All wheat flavors are under pressure this morning, with SRW wheat down 5 to 6 cents, HRW wheat mostly 4 cents lower and HRS wheat mostly 3 cents lower.
- Wheat futures are seeing heavy technical-driven selling today as a number of contracts are posting new-contract lows today after sustaining major chart damage last week.
- News Russia raised its grain production forecast for 2013-14 by 5 MMT to 95 MMT adds to the negative tone. Of that figure, wheat is expected to total 55 MMT.
- Also, Coceral, a EU grain lobby, today raised its 2013 soft wheat production forecast for the European Union by 600,000 MT to 135.9 MMT.
- The market remains concerned about high shipping costs slowing demand for U.S. wheat among exporters. Traders expect today's export inspections report to confirm tepid demand.
Live cattle futures are favoring a weaker tone in mixed trade; feeder cattle futures are steady to slightly lower.
- Live cattle futures are seeing some light followthrough sales after Friday's lower close, but some contracts have returned to positive territory.
- Traders are also working to bring futures in light with last week's cash cattle prices of mostly $131, which is down $1 from the week prior.
- Weakness in the product market Friday contributed to weaker cash prices. Choice cuts slipped $1.56 on the day and movement slowed to 134 loads.
- Traders will await showlist estimates and boxed beef action before forming cash assumptions this week.

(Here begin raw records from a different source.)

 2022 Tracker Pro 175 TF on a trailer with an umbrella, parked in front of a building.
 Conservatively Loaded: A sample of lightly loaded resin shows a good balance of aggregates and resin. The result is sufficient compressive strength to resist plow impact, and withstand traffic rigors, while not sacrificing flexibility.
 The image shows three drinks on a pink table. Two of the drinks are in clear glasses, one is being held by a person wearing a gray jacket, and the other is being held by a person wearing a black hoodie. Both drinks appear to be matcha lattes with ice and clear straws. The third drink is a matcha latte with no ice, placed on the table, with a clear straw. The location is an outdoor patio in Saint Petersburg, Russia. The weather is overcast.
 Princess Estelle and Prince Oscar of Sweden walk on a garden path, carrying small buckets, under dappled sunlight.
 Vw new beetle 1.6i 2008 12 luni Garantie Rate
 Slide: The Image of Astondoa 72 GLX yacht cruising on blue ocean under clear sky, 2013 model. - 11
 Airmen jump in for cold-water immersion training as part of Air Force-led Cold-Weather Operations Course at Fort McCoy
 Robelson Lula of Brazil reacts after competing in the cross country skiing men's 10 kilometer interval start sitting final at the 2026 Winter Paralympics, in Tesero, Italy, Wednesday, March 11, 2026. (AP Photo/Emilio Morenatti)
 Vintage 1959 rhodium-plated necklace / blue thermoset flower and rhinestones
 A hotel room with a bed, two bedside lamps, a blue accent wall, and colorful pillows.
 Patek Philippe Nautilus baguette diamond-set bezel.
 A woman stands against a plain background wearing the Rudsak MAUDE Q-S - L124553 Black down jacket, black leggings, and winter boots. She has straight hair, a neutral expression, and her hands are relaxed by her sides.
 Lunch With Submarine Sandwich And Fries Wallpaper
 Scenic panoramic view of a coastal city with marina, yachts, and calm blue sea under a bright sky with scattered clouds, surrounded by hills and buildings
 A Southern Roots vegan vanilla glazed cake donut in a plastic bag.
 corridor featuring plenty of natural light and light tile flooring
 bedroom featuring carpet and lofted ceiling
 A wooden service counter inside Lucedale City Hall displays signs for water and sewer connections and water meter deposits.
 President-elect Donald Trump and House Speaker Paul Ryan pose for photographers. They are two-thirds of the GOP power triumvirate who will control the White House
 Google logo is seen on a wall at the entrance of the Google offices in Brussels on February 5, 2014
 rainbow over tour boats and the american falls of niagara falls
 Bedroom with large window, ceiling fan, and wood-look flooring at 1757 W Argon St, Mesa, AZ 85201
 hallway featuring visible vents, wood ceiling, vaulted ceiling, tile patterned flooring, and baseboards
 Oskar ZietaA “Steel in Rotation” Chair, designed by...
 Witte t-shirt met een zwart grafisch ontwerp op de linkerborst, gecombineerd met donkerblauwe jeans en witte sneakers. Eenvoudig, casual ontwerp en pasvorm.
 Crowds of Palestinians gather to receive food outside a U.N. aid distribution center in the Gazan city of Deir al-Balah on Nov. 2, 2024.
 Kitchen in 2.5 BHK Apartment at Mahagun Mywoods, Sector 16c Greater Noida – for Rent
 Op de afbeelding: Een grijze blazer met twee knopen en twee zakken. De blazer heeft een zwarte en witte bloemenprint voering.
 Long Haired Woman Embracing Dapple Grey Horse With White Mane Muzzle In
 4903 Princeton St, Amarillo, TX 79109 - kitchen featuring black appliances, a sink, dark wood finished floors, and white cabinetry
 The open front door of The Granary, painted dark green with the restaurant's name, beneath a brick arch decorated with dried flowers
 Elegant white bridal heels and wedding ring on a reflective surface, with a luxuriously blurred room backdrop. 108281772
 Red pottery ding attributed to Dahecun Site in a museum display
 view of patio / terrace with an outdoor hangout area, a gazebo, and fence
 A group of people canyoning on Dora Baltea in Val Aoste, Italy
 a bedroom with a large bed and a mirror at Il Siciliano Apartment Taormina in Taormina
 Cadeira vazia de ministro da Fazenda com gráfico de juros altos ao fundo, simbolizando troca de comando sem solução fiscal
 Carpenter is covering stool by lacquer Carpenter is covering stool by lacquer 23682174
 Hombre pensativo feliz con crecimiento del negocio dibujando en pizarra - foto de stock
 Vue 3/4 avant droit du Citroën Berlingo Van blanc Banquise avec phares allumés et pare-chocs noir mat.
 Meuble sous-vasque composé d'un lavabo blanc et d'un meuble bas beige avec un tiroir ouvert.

- Weakness in the U.S. dollar index and strong gains in the stock market are limiting pressure.
Lean hog futures are slightly lower, with nearbys leading to the downside.
- The new front-month February contract holds a $5-plus premium to the cash hog index, opening the door for significant downside risk.
- Building hog supplies means the cash hog market is likely to continue lower over the near-term. Cash hog bids are mostly steady to lower today, though tighter supplies in the eastern Corn Belt have led to scattered higher bids in that region.
- The pork cutout value softened 88 cents Friday, but movement failed to impress at 330.93 loads.